We’ve learned through generations of wise cooks that oil is a fantastic liquid that facilitates the process of turning raw food into edible food. More recent generations of scientists, nutritionists, and doctors have taught us that lowering the fat in our diet is likely to prolong our life spans and narrow our waistlines. Most people seem to understand this concept, and have taken efforts – sometimes great efforts – to drastically lower fat intake. But those efforts can be made even more effective with one more tweak.
Somehow OIL has survived this low-fat generation, and in many ways has even come out on top. Up through the 1970’s, there was cooking oil and there was motor oil. In the 80’s, there were different kinds of cooking oil – canola, vegetable, corn, sunflower, all differing in popularity. Their benefits and differences were promoted heavily and consumers began choosing different cooking oils for various reasons based on the trusted advice of the media and government.
And then came olive oil (insert glorious hallelujah chorus and a serious roll of the eyes), thanks to the raging popularity of the Mediterranean Diet whereby Americans aim to emulate the healthy lifestyle of those in Southern Italy and Greece. The Diet is as follows: High consumption of vegetables and fruit, high consumption of unrefined cereals (read whole grains), and high consumption of legumes. It also allows for moderate consumption of fish, and low consumption of dairy, eggs, poultry, and little to no red meat. Moderate red wine is fine, and olive oil is primarily used for cooking. To clarify, it emphasizes regular physical activity, abundant plant foods, fresh fruit instead of dessert, and olive oil as the principal source of fat. (as opposed to meat and dairy being principal sources of fat).

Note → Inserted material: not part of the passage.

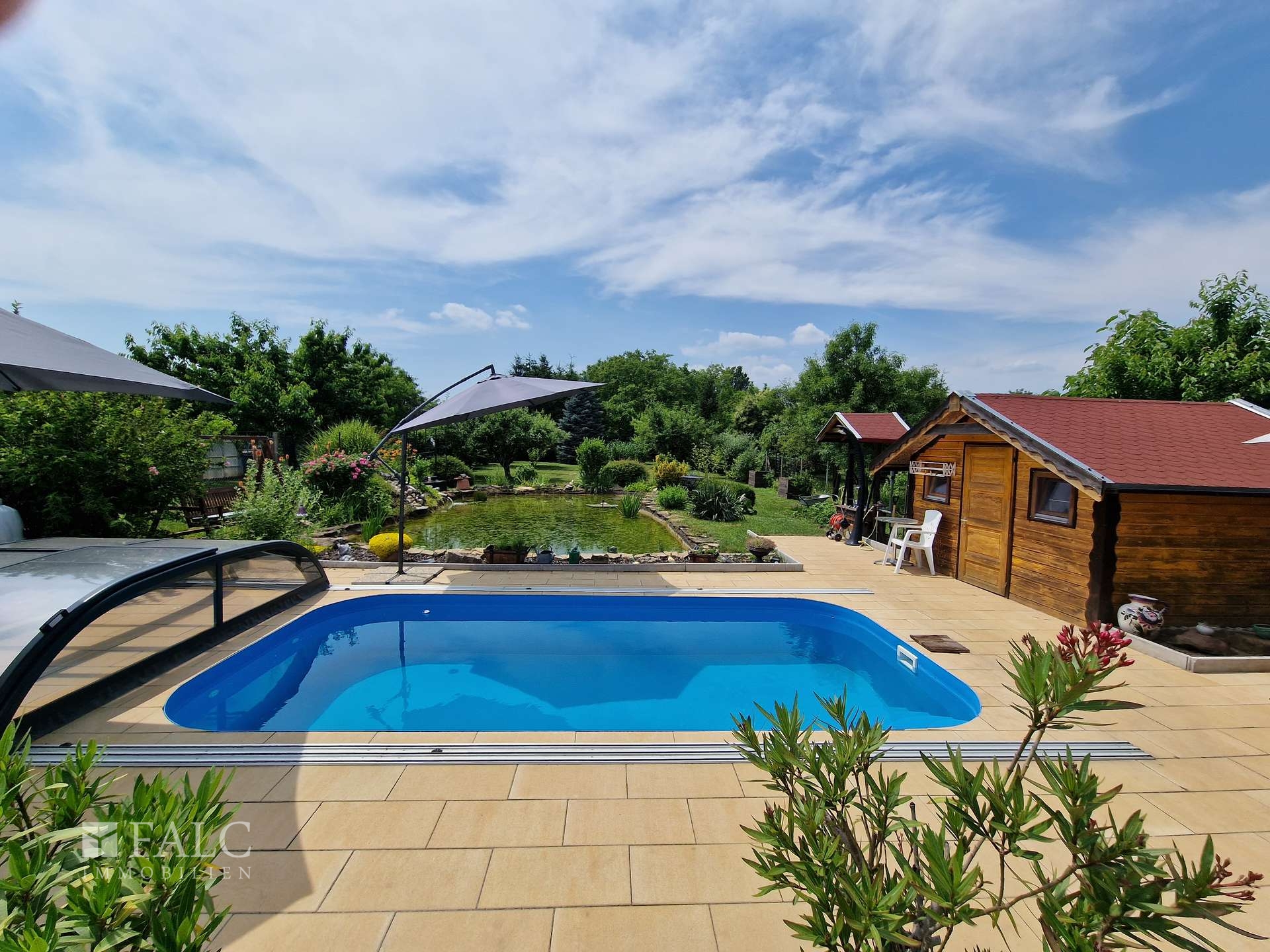 Pool mit Überdachung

What did we really take from this? Italian food is healthy. Olive oil, pasta, and wine are healthy. Fish is the best meat. If some is good, more must be better.
Like in many circumstances of nutritional advice, we not only heard what we wanted to hear, we completely missed the boat. What was popularized in the Mediterranean diet was a plant based diet! Loads of vegetables, whole grains, beans, and fruit! Yes, they do consume animal products as well, but in minuscule amounts compared to the Western Diet. It really makes one wonder where we’d be today if we had heard the correct message back in 1945 when the diet was first publicized, or even in the 90’s when it became trendy.
Instead, we’ve embraced olive oil as a heart healthy food. We dip our bread in it, splash it liberally over pasta and salads, and cook everything in it. But wait, if low fat is heart healthy, how in the world is something that’s 100% fat heart healthy?
Yes, olive oil is 100% fat. All oils are 100% fat. The supposed heart health benefits of olive oil were described after studies compared diets high in olive oil to diets high in another kind of oil. While it may have had some benefits over the other oil, the decision to call it ‘heart healthy’ was a HUGE disservice to our population.
Olive oil contains 120 calories per tablespoon, and pound for pound it contains more calories than butter. It provides almost no nutritional value. Olives are whole foods. Olive oil is a highly processed liquid that gives you mega calories with no benefit. Oh, and by the way, you’re not only building up your waistline, you’re raising your risks of heart disease, diabetes, obesity, and cancer.
Still want to emulate the Mediterranean people? I’m all for that! Eat loads of vegetables, legumes, whole grain, and fruit. I have no problem whatsoever with red wine in moderation. Just ditch the oil and live better without it!